Micron’s guide reset expectations higher.
The most underappreciated datapoint was SCAs, with 16 signed this quarter and five-year agreements increasing from one to seven.
Tight supply beyond 2027 strengthens the case that AI infrastructure growth remains underappreciated.
1

Results and Guidance Were Better Than Feared

For the May quarter, Micron revenue growth of about 370% exceeded the whisper calling for 360%. The Street was looking for an in-print number of 280% growth. Going into the quarter, I expected that if they hit the whisper, the stock would likely trade off. In the end, I was proved wrong with shares moving 15% higher on the strength of the August guide. Gross margins were also better, at an impressive 85% in the May quarter versus 81% expectations. That compares to gross margins over the past decade that has ranged between 30-60%.
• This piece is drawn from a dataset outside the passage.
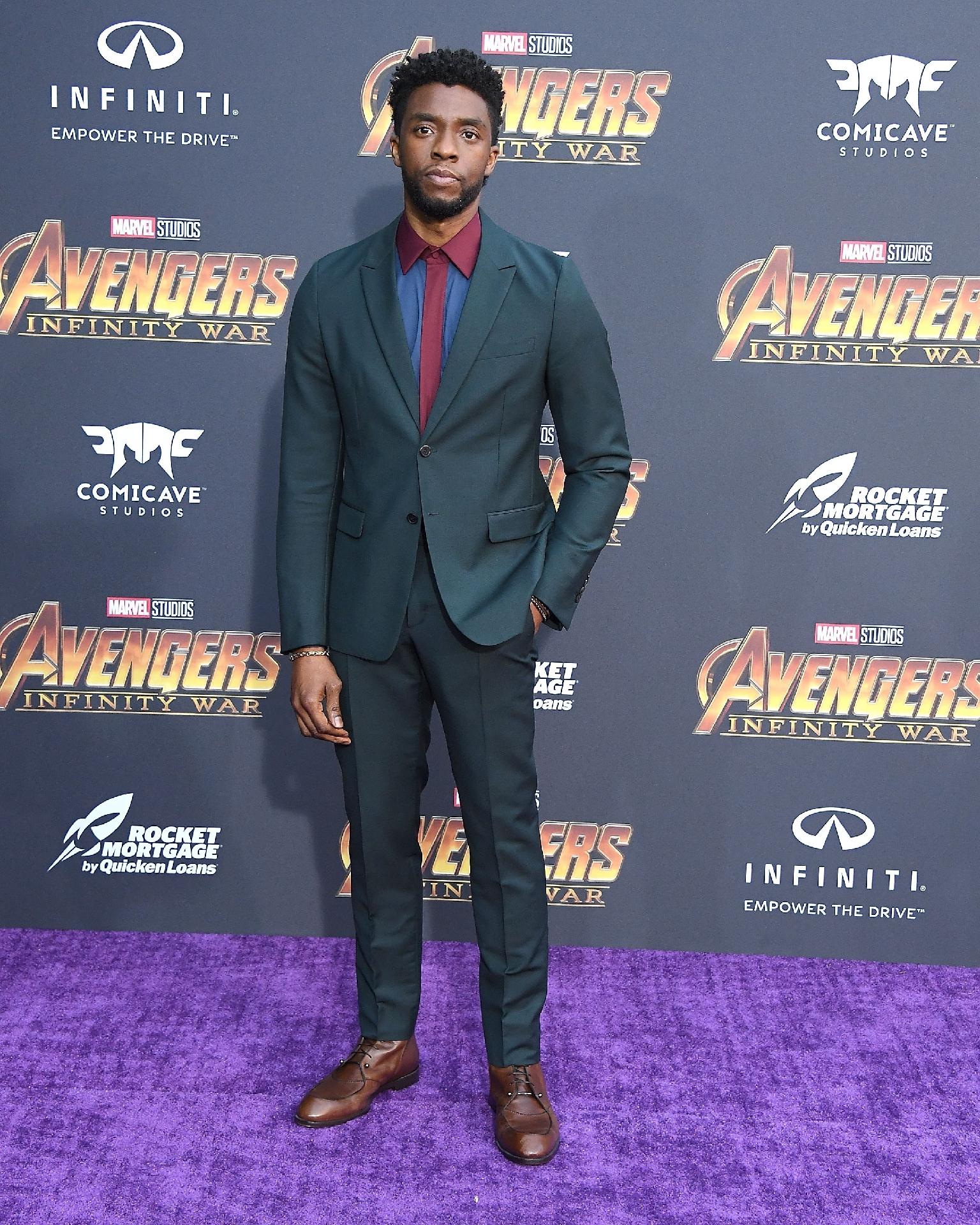 23.abr.2018 - Chadwick Boseman chega para o lançamento de Vingadores: Guerra Infinita em Los Angeles, na Califórnia - Steve Granitz/WireImage/Getty Images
For the August quarter, Micron guided revenue growth to 340-350% y/y versus the Street at 285%, which shows the company is defying the law of large numbers.

2

The SCA Step-Up Is the Signal

The most underappreciated data point on the MU earnings call was the number of SCAs with five-year lengths went from one last quarter to seven this quarter. That’s important because it tells us Micron’s customers think this buildout will last for at least five years and want visibility when it comes to pricing. If their biggest customers were having thoughts of slowing down the infrastructure build, they would not sign five year deals, opting instead to wait for pricing to drop meaningful in the years ahead, similar to historical pricing patterns. Also noteworthily is the pace of the additions, with all of the major customers singing up in one quarter suggesting that big tech is largely on the same page that we are still early in AI.

In total, Micron now has 16 signed SCAs, up from one last quarter, of which six new five-year customers joined. The other 9 customers are smaller, or have three-year contract lives, many of which are automotive which the company sees as “strategic”. Reading between the lines on automotive being “strategic” is a node to the optional of physical AI in the next decade.

3

Tight Supply Is Still the Bull Case

The other key change was management’s language on supply-demand equilibrium. Three months ago, Micron said supply would be tight through 2026. Now, the company believes supply will be tight beyond 2027, adding it can’t see when supply will catch demand.

That matters because investors view memory as a boom-and-bust business, and based on the supply comments, it looks like the earliest we could see a bust if 2028. My sense is 2028 will also be supply constrained.

These supply comments are also a positive for the broader AI infrastructure trade, including energy, optics, and cooling. My sense is hyperscaler capex grows 40-60% next year, compared to the Street at 22%, and around 80% this year.